Culture At Large

Kids these days: Parsing that interview with Jaden and Willow Smith

Tamara Hill Murphy

Just playing devil’s advocate here: maybe Will and Jada Smith are just like any other good parents who believe their children possess a particular brand of genius. Let’s be honest, if the New York Times style magazine wanted to feature our kids’ accomplishments and precocious personalities in an interview, we’d let them. Otherwise why are we all filling the Internet up with the videos, photos and daily commentary of our children? Let’s not even get started on the number of times we ask our friends to applaud our kids’ talent. 

So what if we looked at the interview, which appeared Monday and has been dissected throughout the week, in this way instead? Jaden and Willow Smith are two teenagers speaking the native language of most teenagers: an angsty mix of idealism and legalism. Yes, they’re privileged and that adds a somewhat unpalatable flavor to many of their responses. Yes, their family values include some unorthodox views about basic assumptions of reality. Still, I would prefer to read a kid who can throw in a few multi-syllabic concepts to spice up the typical 140-character fare (although my daughter assures me that Willow and Jaden are also quite fluent in tweet speak). I see the irony in their angsty criticism of angst, but if my high school self got the attention of major media, I’d be hunting down and burning those transcripts. 

And really, the Smith kids echo (what I assume to be) the beliefs of their parents in a way that struck me as quite familiar to the methods my church friends and I used growing up.
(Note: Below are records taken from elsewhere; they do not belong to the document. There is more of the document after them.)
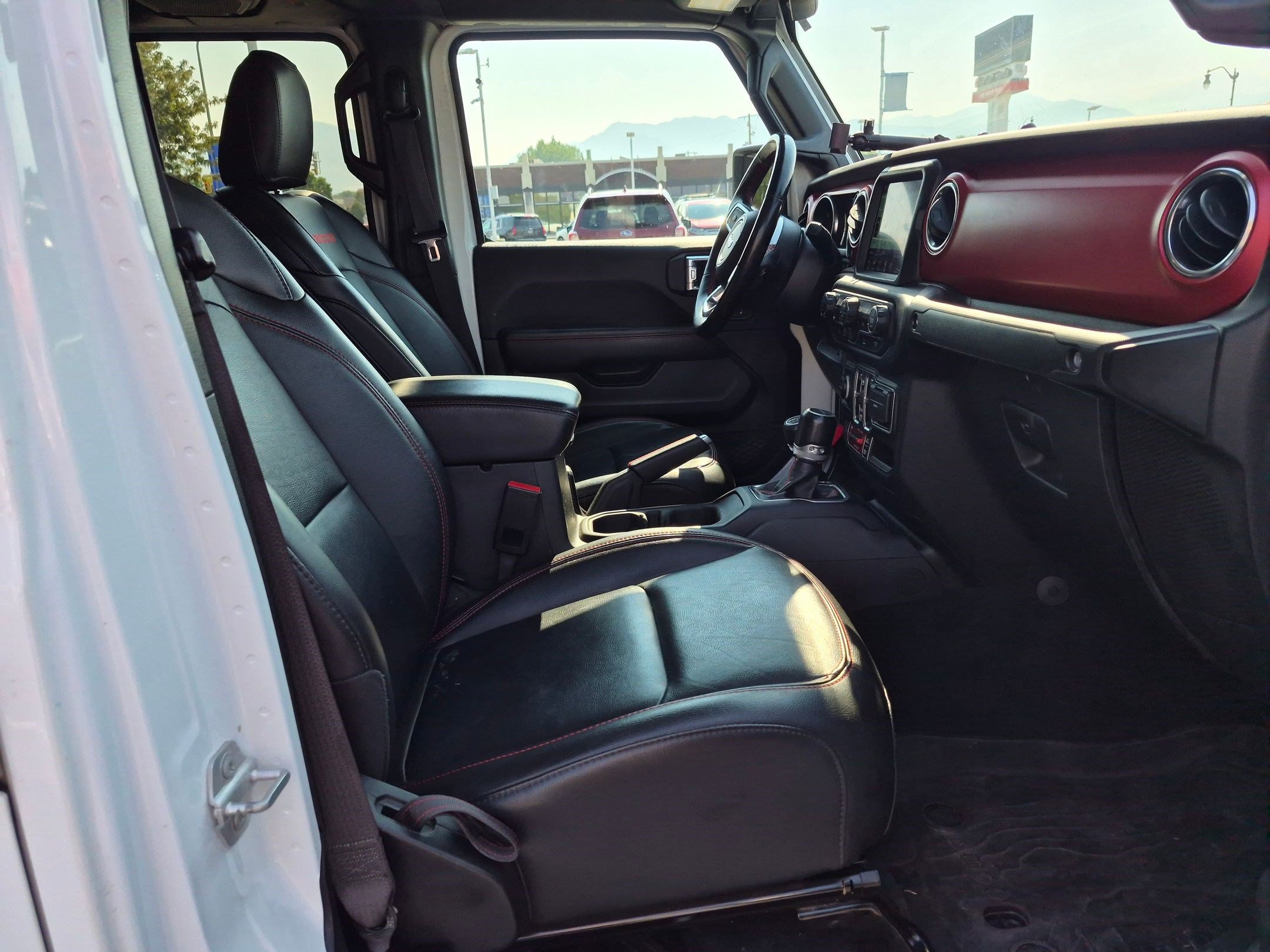 Used 2023 Jeep Gladiator Rubicon w/ Cold Weather Group AWD/4WD image 31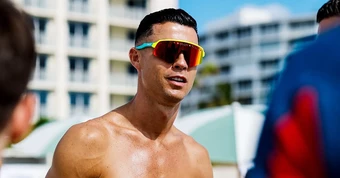 Ronaldo khoe 'body' 6 múi tuyệt phẩm trên bãi biển World Cup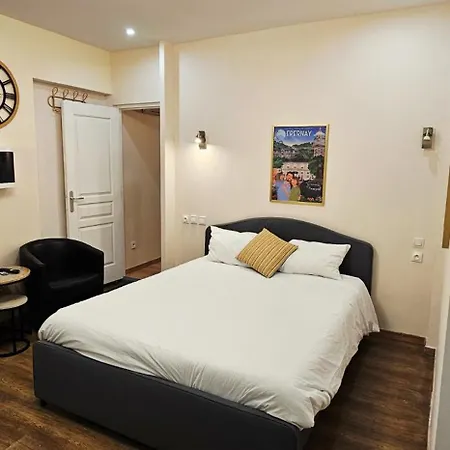 Belle Avec 2 2 Salles De Bain & Parking Gratuit Dans Le Rue Rdc Proche Centre Apartment Epernay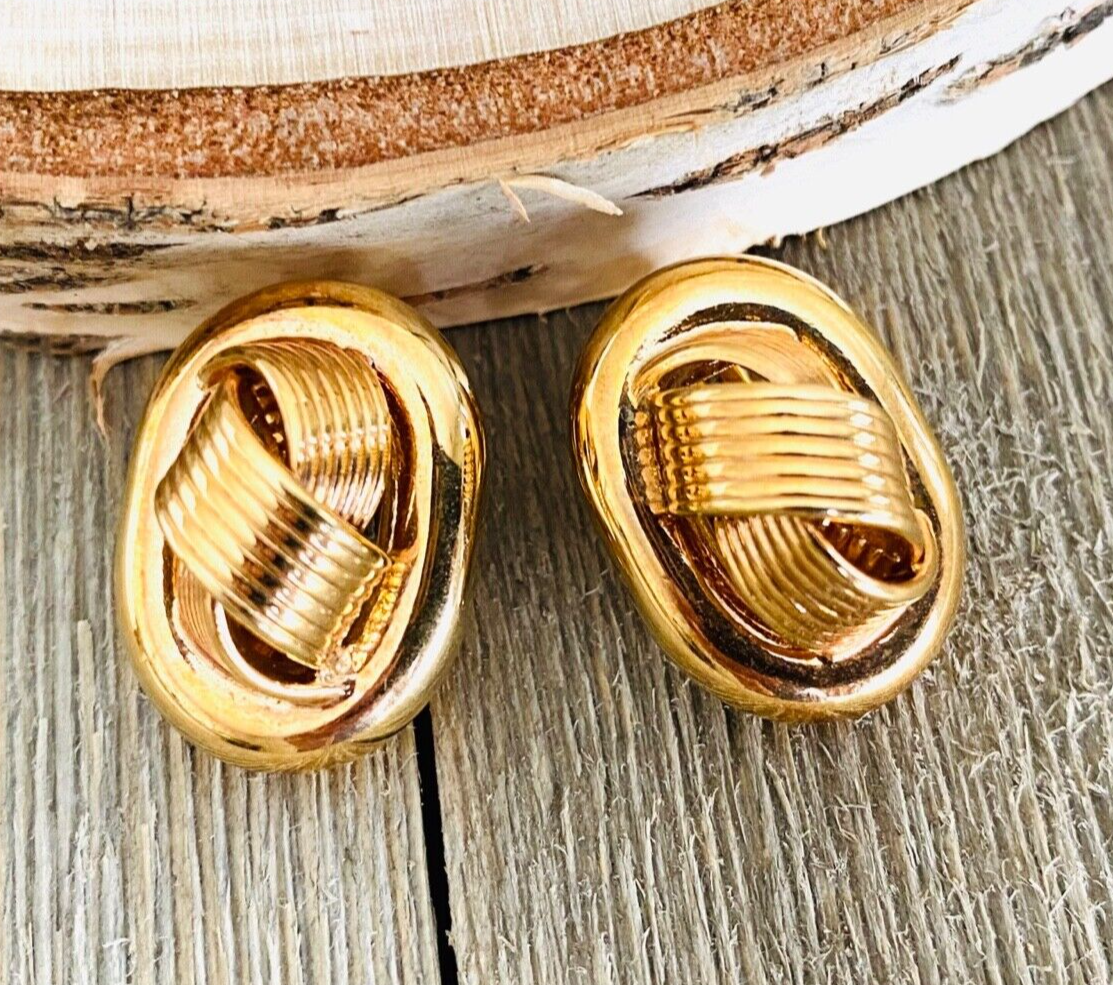 Earrings Italy Love Knot Gold Tone Clip On High End Vintage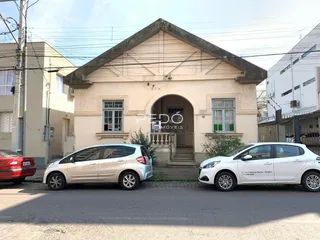Fachada de uma residência em Lajeado, Brasil, com carros estacionados na frente.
We spouted all sorts of language about the meaning of the universe we’d been instructed like a fill-in-the-blanks quiz. Beliefs about the beginning of the world, the end of the world and the afterlife we’d learned from ancient, God-breathed texts. Our well-trained certitude sounded quite kooky to anyone outside our denominational bubble.

What have you been reading?

Willow: Quantum physics. Osho.

Jaden: The Ancient Secret of the Flower of Life and ancient texts; things that can’t be pre-dated.

Mind, I’m not asking us to agree. I’m asking us to empathize. I, too, would be more comfortable if we recognized the same Creator of universal truth.

If I had the chance to talk with Willow and Jaden and if they were willing to listen to me more than, say, their local driver’s ed instructor, I’d say two things. For that matter, I’d probably pick the same things for your kids and my own angsty four:

Don’t be afraid to be ordinary.

A few years back, my family chose this motto after hearing a spiritual mentor and guy who totally gets ancient texts, Eugene Peterson, make this observation during a panel discussion: "Most of us are pretty damn ordinary." First we laughed and then we scribbled it down word for word to add to the top of our list of family values. I guess another way you could say this is that we do not want to take ourselves too seriously. (Or, to reference an earlier TC post, we’re not afraid of being basic.)

So in our house, we allow our kids to spend a good deal of their growing up years as an unrecognized figure among a mostly unrecognized crowd. Something about the task of walking daily a bit inconspicuously has taken on a holy calling for us. This choice has become a rigorous training for living in the obscure mundane of an everyday life.

We do our best to surround our kids with a tribe of thoughtful, affirming friends to help us join the communion of cheering saints (sounds kooky, I know). This tribe does the work of naming us, calling out the particular into the homogeny of a generically seen whole. Their work is nothing less than sacramental - making visible a spiritual reality. You might say it connects us to our source energy.

Here’s what I hope for you, Willow and Jaden. I hope you’ll keep being such great friends and collaborators. 

I love the way you talk each other up and know each other’s process. A lot of siblings - young and old - could learn from your example. I hope you stay friends for life. That would be really cool. Your parents, who’ve so creatively named you after themselves, can be proud of your spirit and talent. May your ambitious hopes and dreams keep leading together toward the most authentic, unending Source of all truth.